On Fashion Runway, South Sudan Takes Steps Toward a National Identity
JUBA, South Sudan — Even by the standards of fashion models, the women teetering in their high heels on the dirt catwalk here were remarkably tall and slender. But judging by South Sudan’s many towering inhabitants, they were hardly out of the ordinary in the young nation’s capital.
I always thought that it was a mistake for sympathetic journalists to skip over how distinctive looking southern Sudanese tend to be in the interests of not offending modern customs against Noticing. Without a visual hook for readers to hang the story upon, the long struggle of southern Sudanese to be free of the brown northern Sudanese just sounded like More Bad News Out of Africa.
Fashion folks aren't necessarily the most likable human beings in history, but they do feel themselves exempt from the taboo against seeing with their own two eyes.
7 comments:
South Sudan has some very beautiful women. I'm not really big into Africans, but those people have an elegance that no one should ignore.
They're ethnically closely related to the Ugandans. During the colonial era they constantly lobbied the British to join them with Uganda, but they were rebuffed because of Egyptian pressure.
South Sudan?
You've got to be kidding. Those people are overwhelmingly Bantu.
For beautiful African women look to Somalia, Eritrea, and Ethiopia.
They shouldn't have called their new country South Sudan. When you are trying to break away from something, you need a new name that has no connection to the old place.

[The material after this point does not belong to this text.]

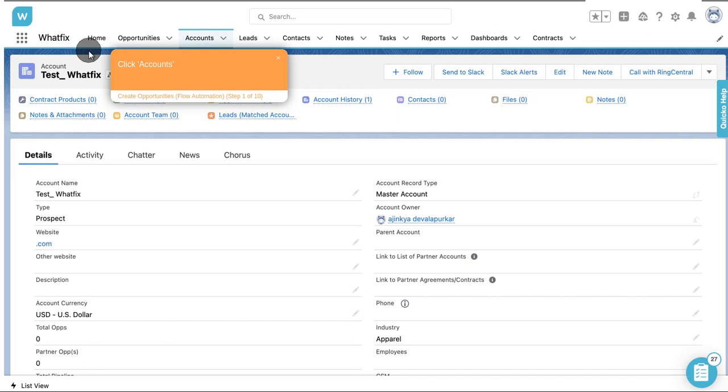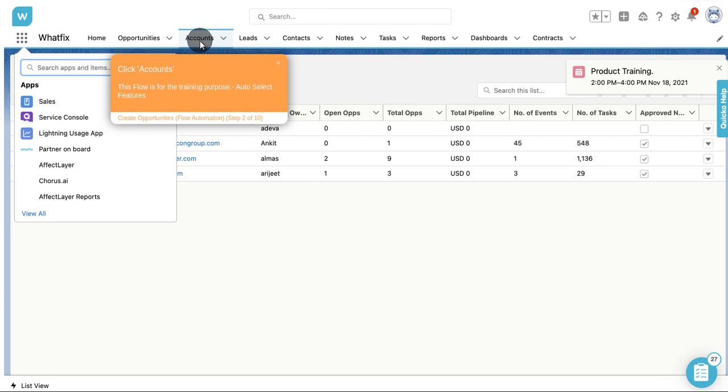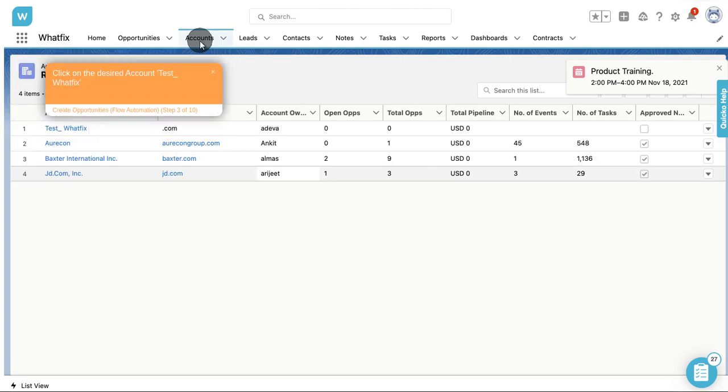Click Accounts. This flow is for the training purpose. Auto select features. Click on the desired account test underscore wetfix.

There are many types of courage, and the courage to call a tall, elegant woman a tall, elegant woman should not be discounted.
Neil Templeton
so where do Nubians fit in? I went to trade school with a very black, high cheek-boned. curly haired guy. He was striking but very primitive. For some reason I always thought of him as Nubian, but don't see the type in my google searches.
Most famous tall male South Sudanese person I know is the Bulls' Luol Deng.
The Arabs liked Dinka girls as trophies.